* PROBLEM TO WORK ON:
Only the lines from the one that contains "Григорьев, Алексей Валериевич." to the end of the material below are wanted, each duplicated exactly.

============================================================

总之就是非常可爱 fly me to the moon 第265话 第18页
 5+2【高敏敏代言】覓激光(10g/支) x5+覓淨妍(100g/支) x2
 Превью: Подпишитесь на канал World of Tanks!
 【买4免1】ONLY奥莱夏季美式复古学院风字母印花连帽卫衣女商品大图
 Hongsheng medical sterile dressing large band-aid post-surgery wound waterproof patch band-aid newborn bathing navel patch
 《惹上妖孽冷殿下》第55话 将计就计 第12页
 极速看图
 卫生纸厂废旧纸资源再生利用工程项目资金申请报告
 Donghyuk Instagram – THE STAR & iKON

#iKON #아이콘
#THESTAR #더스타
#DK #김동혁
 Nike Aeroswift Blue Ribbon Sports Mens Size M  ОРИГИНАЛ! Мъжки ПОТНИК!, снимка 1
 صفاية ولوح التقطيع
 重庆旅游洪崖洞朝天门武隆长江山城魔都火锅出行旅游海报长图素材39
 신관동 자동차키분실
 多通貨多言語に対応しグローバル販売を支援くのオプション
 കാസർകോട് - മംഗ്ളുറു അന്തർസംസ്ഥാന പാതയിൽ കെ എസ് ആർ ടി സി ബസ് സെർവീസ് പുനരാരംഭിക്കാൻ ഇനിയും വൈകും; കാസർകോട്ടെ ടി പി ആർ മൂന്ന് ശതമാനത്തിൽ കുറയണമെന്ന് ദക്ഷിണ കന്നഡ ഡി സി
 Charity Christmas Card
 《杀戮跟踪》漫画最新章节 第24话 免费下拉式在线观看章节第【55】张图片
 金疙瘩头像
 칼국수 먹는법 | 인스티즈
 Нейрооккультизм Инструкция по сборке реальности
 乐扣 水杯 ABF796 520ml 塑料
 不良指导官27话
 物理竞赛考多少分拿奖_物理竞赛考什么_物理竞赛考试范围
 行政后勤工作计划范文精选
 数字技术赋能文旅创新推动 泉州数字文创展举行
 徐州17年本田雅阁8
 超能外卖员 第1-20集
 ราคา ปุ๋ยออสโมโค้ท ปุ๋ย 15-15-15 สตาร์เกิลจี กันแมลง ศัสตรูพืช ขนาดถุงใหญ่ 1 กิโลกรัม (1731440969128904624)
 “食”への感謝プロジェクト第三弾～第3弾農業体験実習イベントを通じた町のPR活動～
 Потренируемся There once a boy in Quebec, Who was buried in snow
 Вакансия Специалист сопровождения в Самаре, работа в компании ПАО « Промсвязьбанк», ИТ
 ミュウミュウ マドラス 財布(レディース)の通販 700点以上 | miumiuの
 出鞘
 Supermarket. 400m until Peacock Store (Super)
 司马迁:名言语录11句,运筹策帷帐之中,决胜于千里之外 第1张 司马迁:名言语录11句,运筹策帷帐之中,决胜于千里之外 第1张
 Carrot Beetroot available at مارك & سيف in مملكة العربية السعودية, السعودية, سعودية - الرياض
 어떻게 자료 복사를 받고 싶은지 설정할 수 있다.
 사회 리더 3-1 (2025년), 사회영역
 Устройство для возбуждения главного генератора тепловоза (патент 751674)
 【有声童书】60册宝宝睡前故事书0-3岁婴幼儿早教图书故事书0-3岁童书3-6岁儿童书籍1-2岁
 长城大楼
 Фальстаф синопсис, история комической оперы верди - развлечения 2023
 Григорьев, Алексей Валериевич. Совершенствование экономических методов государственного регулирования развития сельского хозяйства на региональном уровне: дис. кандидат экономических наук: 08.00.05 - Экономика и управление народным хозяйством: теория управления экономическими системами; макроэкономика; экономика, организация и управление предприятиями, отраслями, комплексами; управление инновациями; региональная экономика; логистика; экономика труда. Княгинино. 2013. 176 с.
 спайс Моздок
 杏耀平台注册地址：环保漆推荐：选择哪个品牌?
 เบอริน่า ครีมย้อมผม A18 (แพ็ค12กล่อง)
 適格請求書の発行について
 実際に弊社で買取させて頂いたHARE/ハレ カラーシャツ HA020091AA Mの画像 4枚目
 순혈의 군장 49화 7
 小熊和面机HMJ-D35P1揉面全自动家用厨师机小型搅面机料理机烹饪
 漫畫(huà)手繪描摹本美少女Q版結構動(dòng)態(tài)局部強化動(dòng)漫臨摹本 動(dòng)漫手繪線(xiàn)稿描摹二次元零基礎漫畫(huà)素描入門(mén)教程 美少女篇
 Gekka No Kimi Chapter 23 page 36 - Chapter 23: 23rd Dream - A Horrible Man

============================================================

* RESULT:
 Григорьев, Алексей Валериевич. Совершенствование экономических методов государственного регулирования развития сельского хозяйства на региональном уровне: дис. кандидат экономических наук: 08.00.05 - Экономика и управление народным хозяйством: теория управления экономическими системами; макроэкономика; экономика, организация и управление предприятиями, отраслями, комплексами; управление инновациями; региональная экономика; логистика; экономика труда. Княгинино. 2013. 176 с.
 спайс Моздок
 杏耀平台注册地址：环保漆推荐：选择哪个品牌?
 เบอริน่า ครีมย้อมผม A18 (แพ็ค12กล่อง)
 適格請求書の発行について
 実際に弊社で買取させて頂いたHARE/ハレ カラーシャツ HA020091AA Mの画像 4枚目
 순혈의 군장 49화 7
 小熊和面机HMJ-D35P1揉面全自动家用厨师机小型搅面机料理机烹饪
 漫畫(huà)手繪描摹本美少女Q版結構動(dòng)態(tài)局部強化動(dòng)漫臨摹本 動(dòng)漫手繪線(xiàn)稿描摹二次元零基礎漫畫(huà)素描入門(mén)教程 美少女篇
 Gekka No Kimi Chapter 23 page 36 - Chapter 23: 23rd Dream - A Horrible Man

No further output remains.